Jocelerme Privert et le défi d’une présidence intérimaire sous contraintes

Fin 2015 et début 2016, Haïti était en pleine tourmente politique. La fin du mandat du président Michel Martelly était imminente et les seules élections de son quinquennat n’ont pas abouti à la désignation de son successeur. Le chaos, provoqué par un vide institutionnel, pointait à l’horizon.

Jocelerme Privert, élu par l’Assemblée nationale pour combler cette vacance, a hérité d’une situation politique tendue et complexe. Il devrait assurer cette transition du pouvoir dans un pays fragilisé par une crise électorale majeure et l’ostracisme de certains partenaires internationaux.

Son mandat de président provisoire s’est inscrit dans une dynamique où les attentes populaires de changement se heurtaient à une réalité institutionnelle, financière et sécuritaire particulièrement complexe.

Dès ses premiers moments à la tête de l’État, Privert a dû faire face à d’énormes défis, composer avec un calendrier électoral extrêmement contraignant, imposé par la Constitution et les pressions internes comme externes.

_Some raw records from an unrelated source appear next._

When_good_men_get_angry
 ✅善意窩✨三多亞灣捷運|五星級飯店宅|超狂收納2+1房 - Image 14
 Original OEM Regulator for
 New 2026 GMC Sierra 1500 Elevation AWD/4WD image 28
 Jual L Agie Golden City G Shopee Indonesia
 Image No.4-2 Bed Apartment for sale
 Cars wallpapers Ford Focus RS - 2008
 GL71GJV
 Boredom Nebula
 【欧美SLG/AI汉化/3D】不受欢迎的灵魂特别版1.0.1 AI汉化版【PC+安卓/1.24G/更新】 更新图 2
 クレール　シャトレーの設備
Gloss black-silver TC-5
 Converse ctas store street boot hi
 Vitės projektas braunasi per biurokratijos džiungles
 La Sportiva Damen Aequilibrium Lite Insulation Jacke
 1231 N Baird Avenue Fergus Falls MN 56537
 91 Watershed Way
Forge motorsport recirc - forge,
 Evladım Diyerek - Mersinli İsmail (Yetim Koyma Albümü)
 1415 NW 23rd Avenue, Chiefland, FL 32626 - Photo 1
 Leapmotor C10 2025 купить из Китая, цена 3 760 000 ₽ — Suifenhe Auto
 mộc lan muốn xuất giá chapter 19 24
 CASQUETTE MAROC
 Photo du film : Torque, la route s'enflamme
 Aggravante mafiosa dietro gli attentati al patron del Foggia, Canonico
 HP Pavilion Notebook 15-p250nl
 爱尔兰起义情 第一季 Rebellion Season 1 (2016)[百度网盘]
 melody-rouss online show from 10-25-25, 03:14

L’objectif affiché de tenir des scrutins transparents dans un délai très court s’est heurté à des embûches répétées, entre négociations politiques difficiles, retards administratifs et défi sécuritaire grandissant. Ces tensions ont mis en lumière les faiblesses profondes d’un système politique incapable de s’auto-réguler efficacement.

Un des traits marquants de ce bref mandat fut la volonté affirmée de restaurer la crédibilité du processus électoral. En dépit de la forte opposition de certaines missions diplomatiques, il a mis sur pied la commission indépendante d’évaluation et de vérification électorale.

Face aux soupçons de fraudes et des graves irregularités denoncées par nombre d’acteurs politiques dans le déroulement de la première phase du processus électoral, Privert s’est résolu à renforcer la rigueur dans la reprise. Cette démarche n’a pas plus aux partenaires financiers internationaux qui lui ont signifié leur refus de ne pas contribuer. Il a du s’engager a mobiliser des fonds du trésor public.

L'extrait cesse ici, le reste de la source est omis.